Data for this exercise:
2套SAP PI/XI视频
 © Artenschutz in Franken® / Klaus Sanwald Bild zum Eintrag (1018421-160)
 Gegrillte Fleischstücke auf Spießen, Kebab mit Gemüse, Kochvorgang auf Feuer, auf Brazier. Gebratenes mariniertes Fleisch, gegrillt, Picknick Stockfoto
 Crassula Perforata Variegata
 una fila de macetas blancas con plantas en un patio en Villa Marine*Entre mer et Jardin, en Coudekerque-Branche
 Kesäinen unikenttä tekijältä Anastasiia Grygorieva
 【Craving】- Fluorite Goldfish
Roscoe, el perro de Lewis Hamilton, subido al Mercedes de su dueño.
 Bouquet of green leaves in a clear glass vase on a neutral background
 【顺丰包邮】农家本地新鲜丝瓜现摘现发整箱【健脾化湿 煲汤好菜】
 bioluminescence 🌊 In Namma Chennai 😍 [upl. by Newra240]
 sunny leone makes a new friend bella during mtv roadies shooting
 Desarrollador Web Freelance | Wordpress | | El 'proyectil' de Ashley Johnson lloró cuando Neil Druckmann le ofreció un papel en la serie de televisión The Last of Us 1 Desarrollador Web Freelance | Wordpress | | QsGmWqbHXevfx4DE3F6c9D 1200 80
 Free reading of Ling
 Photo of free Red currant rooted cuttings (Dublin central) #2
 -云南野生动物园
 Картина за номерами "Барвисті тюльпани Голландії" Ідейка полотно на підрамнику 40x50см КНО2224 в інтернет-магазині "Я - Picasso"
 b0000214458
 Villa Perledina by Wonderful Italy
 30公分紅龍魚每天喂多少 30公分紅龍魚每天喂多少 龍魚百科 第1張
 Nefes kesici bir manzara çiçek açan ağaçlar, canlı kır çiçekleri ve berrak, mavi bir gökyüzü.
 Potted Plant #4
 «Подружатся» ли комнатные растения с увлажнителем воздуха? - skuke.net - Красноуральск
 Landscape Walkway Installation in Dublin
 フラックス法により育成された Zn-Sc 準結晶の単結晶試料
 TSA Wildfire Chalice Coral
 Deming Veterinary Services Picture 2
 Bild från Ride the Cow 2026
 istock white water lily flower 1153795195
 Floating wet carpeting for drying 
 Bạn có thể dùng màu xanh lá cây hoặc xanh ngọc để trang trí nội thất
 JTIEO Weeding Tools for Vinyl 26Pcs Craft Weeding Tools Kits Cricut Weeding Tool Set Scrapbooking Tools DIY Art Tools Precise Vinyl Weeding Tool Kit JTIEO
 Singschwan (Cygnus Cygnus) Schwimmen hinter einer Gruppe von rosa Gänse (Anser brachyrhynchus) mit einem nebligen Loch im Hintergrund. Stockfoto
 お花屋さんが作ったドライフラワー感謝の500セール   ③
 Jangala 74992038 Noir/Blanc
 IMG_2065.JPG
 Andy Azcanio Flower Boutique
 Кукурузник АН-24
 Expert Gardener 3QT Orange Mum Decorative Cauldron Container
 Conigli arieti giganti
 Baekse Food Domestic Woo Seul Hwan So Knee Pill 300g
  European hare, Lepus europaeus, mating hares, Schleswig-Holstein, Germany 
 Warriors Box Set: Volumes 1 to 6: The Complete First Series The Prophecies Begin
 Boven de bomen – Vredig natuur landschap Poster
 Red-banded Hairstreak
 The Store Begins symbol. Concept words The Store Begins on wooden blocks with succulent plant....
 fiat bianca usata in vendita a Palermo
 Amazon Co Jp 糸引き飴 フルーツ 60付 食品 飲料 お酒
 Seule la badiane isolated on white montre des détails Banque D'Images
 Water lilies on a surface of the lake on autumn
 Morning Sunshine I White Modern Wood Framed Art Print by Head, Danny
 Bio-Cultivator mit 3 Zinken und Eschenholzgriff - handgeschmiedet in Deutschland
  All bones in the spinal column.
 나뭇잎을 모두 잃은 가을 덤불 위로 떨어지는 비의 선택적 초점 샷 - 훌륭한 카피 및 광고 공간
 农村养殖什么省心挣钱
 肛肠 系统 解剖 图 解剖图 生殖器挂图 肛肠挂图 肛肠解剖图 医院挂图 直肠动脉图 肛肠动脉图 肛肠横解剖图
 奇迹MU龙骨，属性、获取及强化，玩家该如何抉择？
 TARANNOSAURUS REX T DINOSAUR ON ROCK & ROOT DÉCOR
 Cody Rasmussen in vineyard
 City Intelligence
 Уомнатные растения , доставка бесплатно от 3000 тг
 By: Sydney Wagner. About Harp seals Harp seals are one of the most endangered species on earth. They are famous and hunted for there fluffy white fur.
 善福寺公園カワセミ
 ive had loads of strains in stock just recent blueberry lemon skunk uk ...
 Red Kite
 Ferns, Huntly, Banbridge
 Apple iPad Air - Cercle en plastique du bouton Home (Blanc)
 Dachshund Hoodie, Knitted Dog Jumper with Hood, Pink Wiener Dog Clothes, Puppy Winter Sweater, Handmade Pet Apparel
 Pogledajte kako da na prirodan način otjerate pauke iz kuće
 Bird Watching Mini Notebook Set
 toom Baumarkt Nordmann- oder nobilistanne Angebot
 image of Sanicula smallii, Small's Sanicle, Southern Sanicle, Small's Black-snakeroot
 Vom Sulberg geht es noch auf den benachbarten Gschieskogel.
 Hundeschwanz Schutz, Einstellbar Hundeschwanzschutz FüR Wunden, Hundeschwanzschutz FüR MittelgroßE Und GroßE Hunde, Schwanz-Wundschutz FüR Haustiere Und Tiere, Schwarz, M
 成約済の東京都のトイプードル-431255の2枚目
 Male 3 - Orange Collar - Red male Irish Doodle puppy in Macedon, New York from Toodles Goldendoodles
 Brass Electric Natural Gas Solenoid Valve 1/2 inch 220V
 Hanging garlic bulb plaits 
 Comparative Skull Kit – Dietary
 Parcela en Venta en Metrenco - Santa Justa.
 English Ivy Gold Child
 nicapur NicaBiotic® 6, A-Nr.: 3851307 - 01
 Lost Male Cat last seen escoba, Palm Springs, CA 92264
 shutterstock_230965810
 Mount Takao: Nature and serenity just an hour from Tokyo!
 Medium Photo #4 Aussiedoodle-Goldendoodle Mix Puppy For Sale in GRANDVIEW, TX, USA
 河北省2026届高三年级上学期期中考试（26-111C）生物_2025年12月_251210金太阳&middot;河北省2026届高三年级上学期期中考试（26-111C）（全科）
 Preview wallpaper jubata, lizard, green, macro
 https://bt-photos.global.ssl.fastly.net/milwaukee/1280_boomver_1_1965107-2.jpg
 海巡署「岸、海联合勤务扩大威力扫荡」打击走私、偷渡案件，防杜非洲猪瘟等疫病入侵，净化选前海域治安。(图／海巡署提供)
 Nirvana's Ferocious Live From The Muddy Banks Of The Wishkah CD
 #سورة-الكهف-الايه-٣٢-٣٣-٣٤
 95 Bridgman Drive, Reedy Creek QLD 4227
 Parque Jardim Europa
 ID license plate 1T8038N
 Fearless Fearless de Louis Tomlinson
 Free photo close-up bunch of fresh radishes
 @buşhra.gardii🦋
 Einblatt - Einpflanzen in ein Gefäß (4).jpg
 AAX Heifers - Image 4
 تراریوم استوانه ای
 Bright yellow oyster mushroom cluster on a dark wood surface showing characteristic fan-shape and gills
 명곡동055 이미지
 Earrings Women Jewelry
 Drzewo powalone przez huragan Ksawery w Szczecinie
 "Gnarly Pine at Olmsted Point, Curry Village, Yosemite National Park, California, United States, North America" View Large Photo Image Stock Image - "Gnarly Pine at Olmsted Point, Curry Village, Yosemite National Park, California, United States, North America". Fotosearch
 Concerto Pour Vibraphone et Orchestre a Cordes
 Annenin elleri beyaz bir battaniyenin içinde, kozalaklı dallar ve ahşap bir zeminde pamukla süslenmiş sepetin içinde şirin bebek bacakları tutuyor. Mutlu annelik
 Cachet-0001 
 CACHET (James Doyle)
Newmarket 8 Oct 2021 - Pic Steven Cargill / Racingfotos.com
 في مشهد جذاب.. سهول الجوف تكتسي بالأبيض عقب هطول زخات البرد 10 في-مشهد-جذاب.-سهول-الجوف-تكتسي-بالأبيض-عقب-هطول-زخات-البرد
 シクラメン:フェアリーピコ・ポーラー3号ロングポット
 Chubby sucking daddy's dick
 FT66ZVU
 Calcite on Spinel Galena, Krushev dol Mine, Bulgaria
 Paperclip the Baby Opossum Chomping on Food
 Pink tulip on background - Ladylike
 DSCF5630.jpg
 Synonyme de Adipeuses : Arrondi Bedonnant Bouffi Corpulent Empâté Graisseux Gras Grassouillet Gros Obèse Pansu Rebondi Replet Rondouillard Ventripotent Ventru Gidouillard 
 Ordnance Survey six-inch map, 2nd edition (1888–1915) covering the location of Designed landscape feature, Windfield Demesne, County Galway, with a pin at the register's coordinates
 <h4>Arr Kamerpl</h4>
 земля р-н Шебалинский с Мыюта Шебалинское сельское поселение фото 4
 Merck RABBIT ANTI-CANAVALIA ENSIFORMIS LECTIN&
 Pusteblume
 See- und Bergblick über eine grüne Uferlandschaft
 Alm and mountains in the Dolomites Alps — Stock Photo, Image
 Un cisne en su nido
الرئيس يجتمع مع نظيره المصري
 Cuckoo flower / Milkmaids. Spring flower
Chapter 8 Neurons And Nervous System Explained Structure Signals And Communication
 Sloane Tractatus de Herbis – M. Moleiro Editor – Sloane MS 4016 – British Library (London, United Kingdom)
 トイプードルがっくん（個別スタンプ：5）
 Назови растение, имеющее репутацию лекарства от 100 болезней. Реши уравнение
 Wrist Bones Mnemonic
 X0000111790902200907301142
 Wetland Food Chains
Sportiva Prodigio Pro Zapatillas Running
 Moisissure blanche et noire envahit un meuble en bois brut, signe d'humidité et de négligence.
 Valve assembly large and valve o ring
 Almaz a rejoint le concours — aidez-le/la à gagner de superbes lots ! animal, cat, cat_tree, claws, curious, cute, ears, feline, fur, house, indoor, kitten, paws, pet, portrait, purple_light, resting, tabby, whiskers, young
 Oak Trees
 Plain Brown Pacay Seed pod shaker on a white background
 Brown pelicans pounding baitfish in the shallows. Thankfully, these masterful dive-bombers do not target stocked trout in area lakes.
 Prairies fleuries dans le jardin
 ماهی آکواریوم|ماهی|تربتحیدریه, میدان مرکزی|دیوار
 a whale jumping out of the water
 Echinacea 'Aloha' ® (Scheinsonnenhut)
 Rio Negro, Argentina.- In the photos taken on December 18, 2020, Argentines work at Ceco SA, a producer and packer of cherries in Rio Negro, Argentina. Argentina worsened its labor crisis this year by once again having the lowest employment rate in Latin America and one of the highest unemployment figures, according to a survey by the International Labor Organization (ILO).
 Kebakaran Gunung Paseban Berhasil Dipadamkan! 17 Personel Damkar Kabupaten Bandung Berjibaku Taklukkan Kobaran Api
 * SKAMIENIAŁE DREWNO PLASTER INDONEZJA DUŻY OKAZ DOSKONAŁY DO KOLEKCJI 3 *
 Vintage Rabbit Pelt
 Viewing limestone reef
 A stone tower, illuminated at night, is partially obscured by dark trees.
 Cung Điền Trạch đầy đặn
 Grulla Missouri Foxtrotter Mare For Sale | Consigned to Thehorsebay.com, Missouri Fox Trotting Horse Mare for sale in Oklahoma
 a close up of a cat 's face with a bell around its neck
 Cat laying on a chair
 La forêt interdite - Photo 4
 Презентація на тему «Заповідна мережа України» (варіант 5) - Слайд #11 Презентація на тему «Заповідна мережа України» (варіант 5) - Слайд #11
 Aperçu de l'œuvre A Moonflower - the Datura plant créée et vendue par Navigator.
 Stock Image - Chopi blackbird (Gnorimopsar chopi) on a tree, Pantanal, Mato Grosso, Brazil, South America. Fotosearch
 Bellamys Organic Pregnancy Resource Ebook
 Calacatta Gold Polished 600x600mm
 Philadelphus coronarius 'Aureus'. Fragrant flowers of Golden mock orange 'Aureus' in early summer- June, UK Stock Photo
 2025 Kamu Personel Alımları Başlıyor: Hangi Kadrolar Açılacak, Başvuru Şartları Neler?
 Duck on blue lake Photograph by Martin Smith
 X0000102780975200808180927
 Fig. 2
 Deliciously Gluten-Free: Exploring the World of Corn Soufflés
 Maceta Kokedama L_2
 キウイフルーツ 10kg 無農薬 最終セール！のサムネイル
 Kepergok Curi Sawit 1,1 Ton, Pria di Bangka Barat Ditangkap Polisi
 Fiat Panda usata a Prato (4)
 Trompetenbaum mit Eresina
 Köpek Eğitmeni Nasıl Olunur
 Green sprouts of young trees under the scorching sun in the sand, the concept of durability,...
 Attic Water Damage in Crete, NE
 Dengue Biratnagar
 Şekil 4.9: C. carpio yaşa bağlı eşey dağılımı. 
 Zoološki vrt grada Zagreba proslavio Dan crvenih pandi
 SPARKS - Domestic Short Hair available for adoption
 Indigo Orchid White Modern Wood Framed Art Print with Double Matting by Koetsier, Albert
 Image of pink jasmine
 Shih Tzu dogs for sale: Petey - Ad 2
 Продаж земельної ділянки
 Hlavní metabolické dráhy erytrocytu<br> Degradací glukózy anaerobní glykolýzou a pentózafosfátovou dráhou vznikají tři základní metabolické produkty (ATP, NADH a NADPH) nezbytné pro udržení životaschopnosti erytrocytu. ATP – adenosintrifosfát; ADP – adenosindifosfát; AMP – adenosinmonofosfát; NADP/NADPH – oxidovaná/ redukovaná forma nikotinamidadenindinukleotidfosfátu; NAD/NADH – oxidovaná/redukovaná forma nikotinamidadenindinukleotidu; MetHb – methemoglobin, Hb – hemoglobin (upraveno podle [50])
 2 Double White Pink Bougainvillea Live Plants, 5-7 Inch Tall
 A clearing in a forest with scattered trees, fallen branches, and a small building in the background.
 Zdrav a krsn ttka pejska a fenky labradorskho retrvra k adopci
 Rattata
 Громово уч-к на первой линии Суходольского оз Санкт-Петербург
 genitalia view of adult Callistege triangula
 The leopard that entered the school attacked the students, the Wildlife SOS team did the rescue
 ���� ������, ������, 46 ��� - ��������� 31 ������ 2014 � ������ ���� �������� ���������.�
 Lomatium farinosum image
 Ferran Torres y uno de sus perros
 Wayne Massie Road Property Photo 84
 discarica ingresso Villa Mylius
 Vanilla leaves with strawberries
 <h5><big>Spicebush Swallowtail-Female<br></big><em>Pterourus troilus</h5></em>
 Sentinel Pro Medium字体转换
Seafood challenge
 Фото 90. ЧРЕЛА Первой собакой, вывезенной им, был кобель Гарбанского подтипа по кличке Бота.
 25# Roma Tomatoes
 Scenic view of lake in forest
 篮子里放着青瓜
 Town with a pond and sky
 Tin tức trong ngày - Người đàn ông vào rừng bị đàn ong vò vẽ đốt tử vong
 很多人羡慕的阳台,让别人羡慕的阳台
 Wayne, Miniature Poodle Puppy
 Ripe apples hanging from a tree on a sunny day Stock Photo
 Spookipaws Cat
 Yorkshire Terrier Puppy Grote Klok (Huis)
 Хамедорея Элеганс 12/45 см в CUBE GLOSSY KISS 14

What you are asked to do: Keeping every character as it is, restate the lines above that run from the line with "<h4>Arr Kamerpl</h4>" through the line with "Cuckoo flower / Milkmaids. Spring flower", both included, and nothing else.

Result of this exercise:
 <h4>Arr Kamerpl</h4>
 земля р-н Шебалинский с Мыюта Шебалинское сельское поселение фото 4
 Merck RABBIT ANTI-CANAVALIA ENSIFORMIS LECTIN&
 Pusteblume
 See- und Bergblick über eine grüne Uferlandschaft
 Alm and mountains in the Dolomites Alps — Stock Photo, Image
 Un cisne en su nido
الرئيس يجتمع مع نظيره المصري
 Cuckoo flower / Milkmaids. Spring flower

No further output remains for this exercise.